The George Bellasis who was born in Co. Durham was registered by the College of Arms as being one and the same as he who died in Co. Westmorland (possibly on the balance of probability). A discrepancy arises owing to the fact that George Bellasis of Westmorland mentions his brother Lancelot in his Will. The brothers Stephen and Lancelot and son/nephew George, were tenants of Lord Wharton in 1580 and mentioned again in 1598. The George from Co.Durham was assumed to be the tenant of another Lord Wharton in 1681. It is likely that the Bellas family, as they became known, found their way to Westmorland through the estate of Bleatarn or Blentarn (neither of which are on the map now, or Blencarn, which is) which was owned by Richard Belasyse (whose maternal grandfather was Lancelot), Constable of Durham Castle and Commissioner of the North for Henry VIII. Byland Abbey in Yorkshire had lands in Westmoreland and this was likely on of them when it was dissolved. Richard passed Bleatarn to his son Richard Jnr, who never married. Richard Jnr settled lands on his nephews, Bryan, Charles and James (but not Nicholas who was living in 1564). Charles was at Houghton-le-Spring. James was at Stanton. Bryan got the Bleatarn estate, but it is not clear what his grandson, George's brother Sir Richard, did with it. So, Bleatarn may have been sold and Sir Richard's younger brother by ten years, George, may have had a caretaker role.
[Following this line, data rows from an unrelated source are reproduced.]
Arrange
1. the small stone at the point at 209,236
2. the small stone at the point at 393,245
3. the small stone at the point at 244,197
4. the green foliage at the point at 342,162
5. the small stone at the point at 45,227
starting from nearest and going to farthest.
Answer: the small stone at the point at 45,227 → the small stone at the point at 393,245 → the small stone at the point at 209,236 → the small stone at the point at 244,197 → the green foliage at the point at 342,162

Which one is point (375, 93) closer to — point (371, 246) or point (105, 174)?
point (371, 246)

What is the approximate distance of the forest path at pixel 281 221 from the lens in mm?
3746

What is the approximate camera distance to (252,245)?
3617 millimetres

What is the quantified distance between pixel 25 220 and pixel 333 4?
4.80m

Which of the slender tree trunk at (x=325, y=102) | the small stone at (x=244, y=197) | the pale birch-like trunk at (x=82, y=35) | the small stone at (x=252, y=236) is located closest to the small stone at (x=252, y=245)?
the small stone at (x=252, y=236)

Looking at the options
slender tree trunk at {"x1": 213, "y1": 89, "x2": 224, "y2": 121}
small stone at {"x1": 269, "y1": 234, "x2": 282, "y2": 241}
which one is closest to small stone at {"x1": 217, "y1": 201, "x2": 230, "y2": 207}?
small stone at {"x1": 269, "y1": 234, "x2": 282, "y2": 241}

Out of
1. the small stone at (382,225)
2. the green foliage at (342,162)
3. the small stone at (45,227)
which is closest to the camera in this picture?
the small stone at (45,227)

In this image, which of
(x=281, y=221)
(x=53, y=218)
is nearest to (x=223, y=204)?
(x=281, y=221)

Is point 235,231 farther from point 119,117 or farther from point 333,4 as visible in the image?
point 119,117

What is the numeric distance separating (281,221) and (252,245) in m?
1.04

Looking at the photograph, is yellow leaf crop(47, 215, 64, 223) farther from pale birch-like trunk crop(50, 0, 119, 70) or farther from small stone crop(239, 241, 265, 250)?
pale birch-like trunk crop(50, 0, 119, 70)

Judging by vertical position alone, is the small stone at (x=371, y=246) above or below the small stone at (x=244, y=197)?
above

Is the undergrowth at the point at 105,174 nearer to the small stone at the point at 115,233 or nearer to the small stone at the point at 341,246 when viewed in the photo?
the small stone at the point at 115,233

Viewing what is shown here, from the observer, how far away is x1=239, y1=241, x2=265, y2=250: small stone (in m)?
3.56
On the other hand, George may have been the son of a Westmorland Bellesse, Nicholas, who is known to have had a son Lancelot. Nicholas was the elder son of George Bellesse of Long Marton, who was the son of Lancelot Belles, who was the son of Elizabeth Bellas of Long Marton who made a Will in 1580. Since 'Robert' is such a strong name through the Bellas of Westmorland, it is feasible that Elizabeth was married to one of the Brancepeth brothers' predecessors, one of whom was Robert, just five generations back and more or less matching Elizabeth's generation, though her birth date is not known; giving reason to suppose that she was not born in the area. Nothing is known of Robert (or his brother William) and he may have been much younger than his brother Thomas, who received all of their father's inheritance.
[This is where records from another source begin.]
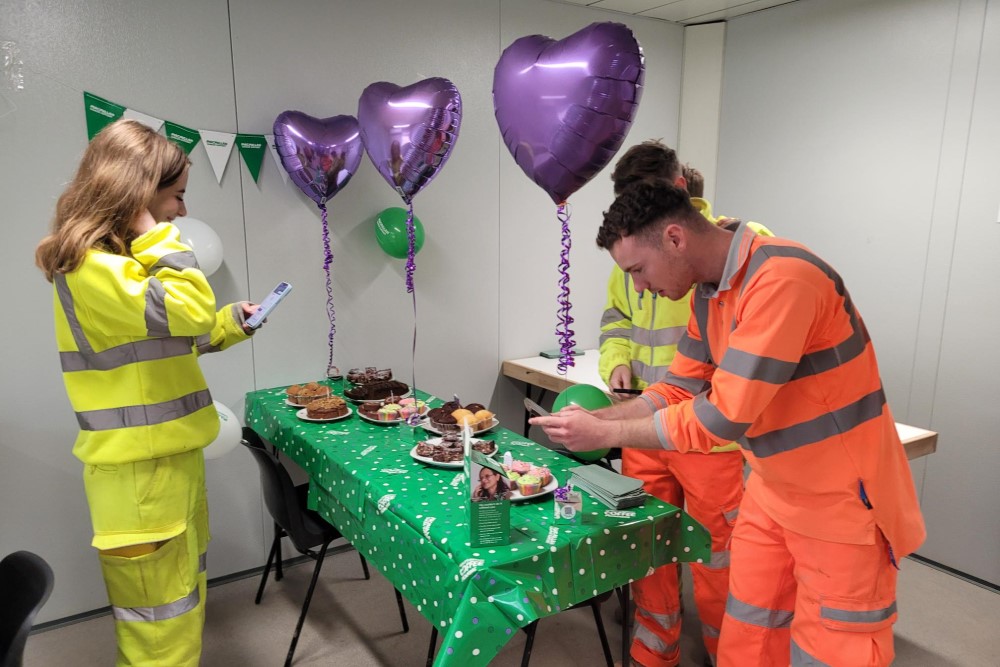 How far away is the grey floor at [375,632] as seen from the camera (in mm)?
2475

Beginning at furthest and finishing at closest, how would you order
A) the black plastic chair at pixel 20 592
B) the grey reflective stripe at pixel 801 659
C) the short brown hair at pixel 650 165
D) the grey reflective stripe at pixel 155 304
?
the short brown hair at pixel 650 165, the grey reflective stripe at pixel 155 304, the grey reflective stripe at pixel 801 659, the black plastic chair at pixel 20 592

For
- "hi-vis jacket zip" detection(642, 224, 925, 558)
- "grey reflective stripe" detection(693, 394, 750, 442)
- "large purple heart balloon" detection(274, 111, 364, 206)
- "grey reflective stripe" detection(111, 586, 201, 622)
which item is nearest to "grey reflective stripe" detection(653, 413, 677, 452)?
"hi-vis jacket zip" detection(642, 224, 925, 558)

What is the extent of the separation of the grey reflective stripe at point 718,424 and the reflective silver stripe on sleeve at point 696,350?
0.37 m

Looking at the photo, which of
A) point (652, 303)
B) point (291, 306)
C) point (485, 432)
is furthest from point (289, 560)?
point (652, 303)

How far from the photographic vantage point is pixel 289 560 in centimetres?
319

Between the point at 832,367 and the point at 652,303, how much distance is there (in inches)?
38.6

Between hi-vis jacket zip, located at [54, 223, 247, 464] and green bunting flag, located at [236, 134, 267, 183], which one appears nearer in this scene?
hi-vis jacket zip, located at [54, 223, 247, 464]


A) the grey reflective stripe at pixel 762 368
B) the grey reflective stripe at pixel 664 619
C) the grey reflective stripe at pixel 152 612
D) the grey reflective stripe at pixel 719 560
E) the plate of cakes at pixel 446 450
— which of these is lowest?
the grey reflective stripe at pixel 664 619

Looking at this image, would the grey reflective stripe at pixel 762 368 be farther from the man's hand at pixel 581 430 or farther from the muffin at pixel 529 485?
the muffin at pixel 529 485

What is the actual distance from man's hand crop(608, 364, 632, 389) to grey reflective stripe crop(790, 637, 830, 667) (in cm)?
108

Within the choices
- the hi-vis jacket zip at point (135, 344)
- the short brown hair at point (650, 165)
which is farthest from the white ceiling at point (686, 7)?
the hi-vis jacket zip at point (135, 344)

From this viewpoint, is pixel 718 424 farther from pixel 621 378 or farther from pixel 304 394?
pixel 304 394

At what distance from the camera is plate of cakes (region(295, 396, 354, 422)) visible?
261cm

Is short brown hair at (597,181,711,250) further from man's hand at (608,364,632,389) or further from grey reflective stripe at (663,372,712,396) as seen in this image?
man's hand at (608,364,632,389) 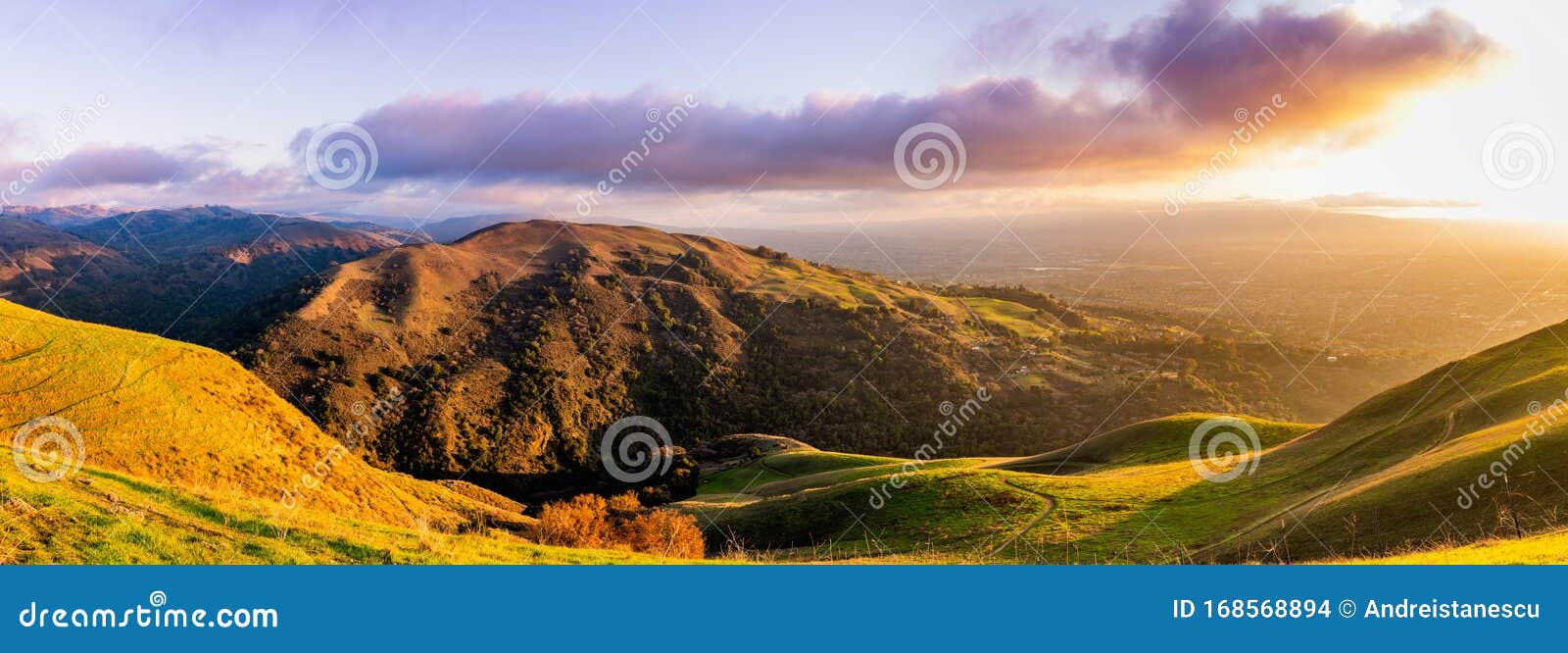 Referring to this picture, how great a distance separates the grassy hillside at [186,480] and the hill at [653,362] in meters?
45.8

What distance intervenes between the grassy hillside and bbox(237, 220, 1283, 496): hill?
4584 cm

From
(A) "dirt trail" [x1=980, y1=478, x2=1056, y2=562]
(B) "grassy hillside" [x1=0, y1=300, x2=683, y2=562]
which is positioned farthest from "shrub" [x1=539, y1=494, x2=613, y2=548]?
(A) "dirt trail" [x1=980, y1=478, x2=1056, y2=562]

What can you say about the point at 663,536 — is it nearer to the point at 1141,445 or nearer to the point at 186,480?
the point at 186,480

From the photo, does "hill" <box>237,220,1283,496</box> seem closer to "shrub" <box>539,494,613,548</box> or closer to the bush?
the bush

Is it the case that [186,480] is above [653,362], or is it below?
below

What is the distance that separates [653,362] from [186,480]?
109816 mm

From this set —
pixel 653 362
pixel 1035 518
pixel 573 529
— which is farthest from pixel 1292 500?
pixel 653 362

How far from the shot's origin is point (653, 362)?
129m

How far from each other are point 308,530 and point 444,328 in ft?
384

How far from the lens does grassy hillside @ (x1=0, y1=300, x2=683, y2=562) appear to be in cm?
972

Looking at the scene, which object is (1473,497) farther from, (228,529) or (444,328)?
(444,328)

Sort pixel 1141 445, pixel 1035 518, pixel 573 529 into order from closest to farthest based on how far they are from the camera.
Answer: pixel 573 529 → pixel 1035 518 → pixel 1141 445

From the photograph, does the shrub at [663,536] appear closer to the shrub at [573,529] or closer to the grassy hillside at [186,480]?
the shrub at [573,529]

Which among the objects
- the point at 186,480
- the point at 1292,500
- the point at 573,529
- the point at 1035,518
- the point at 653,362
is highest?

If Robert's family (if he had one) helped with Westmorland estates and stayed close to the Durham family, they would very likely have emulated the christian names as they arose. For example, Richard Belasyse died in 1540. Richard Bellas died in 1597. Nicholas and James were new names in the Durham family in the 1560s, and they also became new names among the Westmorland Bellas families just a little bit later. The names Robert and John, on the other hand, which were strong family names from Norman times, continued in Westmorland, but were dropped from the Durham branch; this almost appears as a disassociation in the other direction.
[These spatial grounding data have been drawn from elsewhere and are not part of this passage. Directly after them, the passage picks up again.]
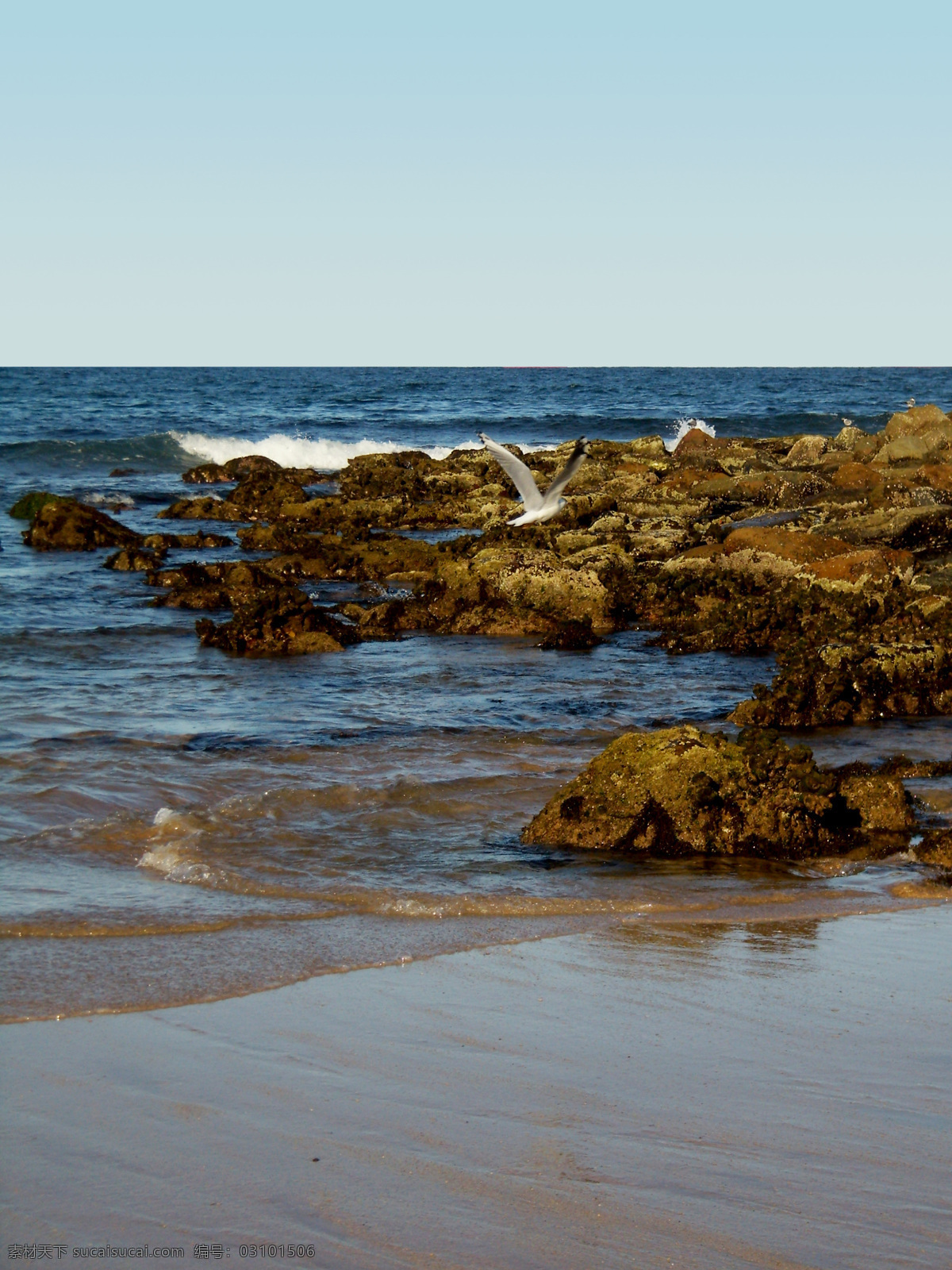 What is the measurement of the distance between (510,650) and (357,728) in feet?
11.9

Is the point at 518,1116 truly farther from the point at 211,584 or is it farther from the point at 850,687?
the point at 211,584

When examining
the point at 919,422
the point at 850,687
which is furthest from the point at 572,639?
the point at 919,422

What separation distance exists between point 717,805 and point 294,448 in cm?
3360

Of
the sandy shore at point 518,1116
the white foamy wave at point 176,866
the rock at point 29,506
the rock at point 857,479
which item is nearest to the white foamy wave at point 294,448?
the rock at point 29,506

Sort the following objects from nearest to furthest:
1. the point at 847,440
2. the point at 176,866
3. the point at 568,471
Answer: the point at 176,866 < the point at 568,471 < the point at 847,440

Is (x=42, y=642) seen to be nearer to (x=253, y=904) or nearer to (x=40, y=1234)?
(x=253, y=904)

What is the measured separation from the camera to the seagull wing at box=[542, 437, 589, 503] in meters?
11.8

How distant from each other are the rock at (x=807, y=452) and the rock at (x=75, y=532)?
1251 cm

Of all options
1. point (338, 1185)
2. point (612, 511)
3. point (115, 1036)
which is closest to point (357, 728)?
point (115, 1036)

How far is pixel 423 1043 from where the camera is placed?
14.4 ft

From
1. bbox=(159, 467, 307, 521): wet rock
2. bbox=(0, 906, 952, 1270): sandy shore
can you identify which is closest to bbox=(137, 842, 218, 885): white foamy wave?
bbox=(0, 906, 952, 1270): sandy shore

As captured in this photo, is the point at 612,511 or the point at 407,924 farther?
the point at 612,511

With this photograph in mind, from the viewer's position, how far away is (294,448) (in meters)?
39.3

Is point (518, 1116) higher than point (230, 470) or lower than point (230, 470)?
lower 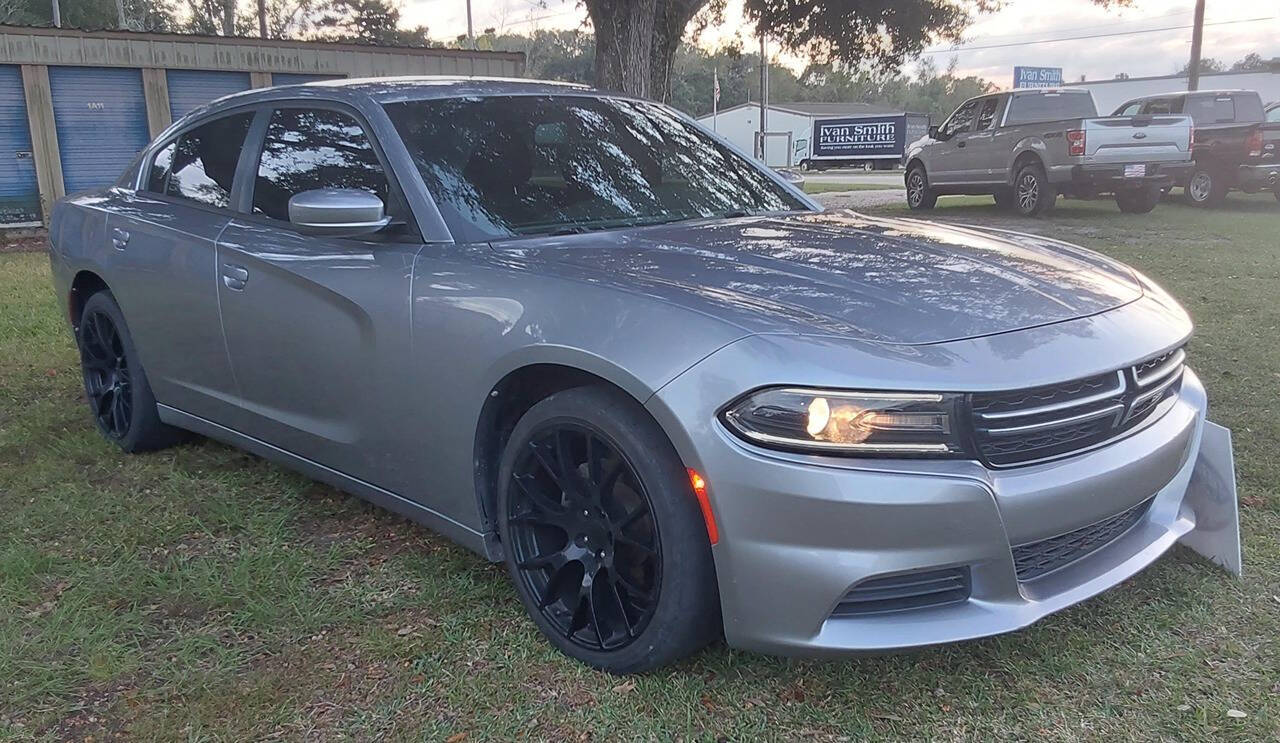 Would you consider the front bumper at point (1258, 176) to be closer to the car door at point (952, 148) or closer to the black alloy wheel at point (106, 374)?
the car door at point (952, 148)

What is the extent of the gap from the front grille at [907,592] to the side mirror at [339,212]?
5.47ft

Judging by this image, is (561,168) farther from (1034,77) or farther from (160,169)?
(1034,77)

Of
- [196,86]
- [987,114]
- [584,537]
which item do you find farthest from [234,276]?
[987,114]

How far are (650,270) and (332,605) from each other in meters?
1.38

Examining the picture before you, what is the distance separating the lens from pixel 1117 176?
13273 mm

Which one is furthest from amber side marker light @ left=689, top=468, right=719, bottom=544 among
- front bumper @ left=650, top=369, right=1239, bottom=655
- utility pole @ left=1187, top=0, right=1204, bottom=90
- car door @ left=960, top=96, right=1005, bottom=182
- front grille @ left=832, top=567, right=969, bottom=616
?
utility pole @ left=1187, top=0, right=1204, bottom=90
There is a plaque in the church in Appelby that lists the Vicars since 1250. This list is further evidence of the interests in Westmoreland from the east side of England. St Michael's was owned by the Convent of St Mary's, York, and it's 12th Vicar, in 1579, was Thomas Fairfax. (Thomas Bellas was its 21st Vicar in 1823.) It is worth noting that George's (Durham) great-grandfather, Sir William Belasyse (1523-1604), married Margaret Fairfax. This period coincides with Elizabeth Bellas.
This note has used the pedigree of Augustus Bellasis and the Path notes of Sydney Bellas on the web, and the plaque in St Michael's Appelby. More research should be possible. For the time being, the two Georges will remain one and the same.
Marriage Notes for George BELLASIS and Elizabeth PARKER
This was George's second marriage.
This was George's second marriage.
137. William BELLAS
William Bellas was the son by his father's 1st wife; the dates and details are unknown.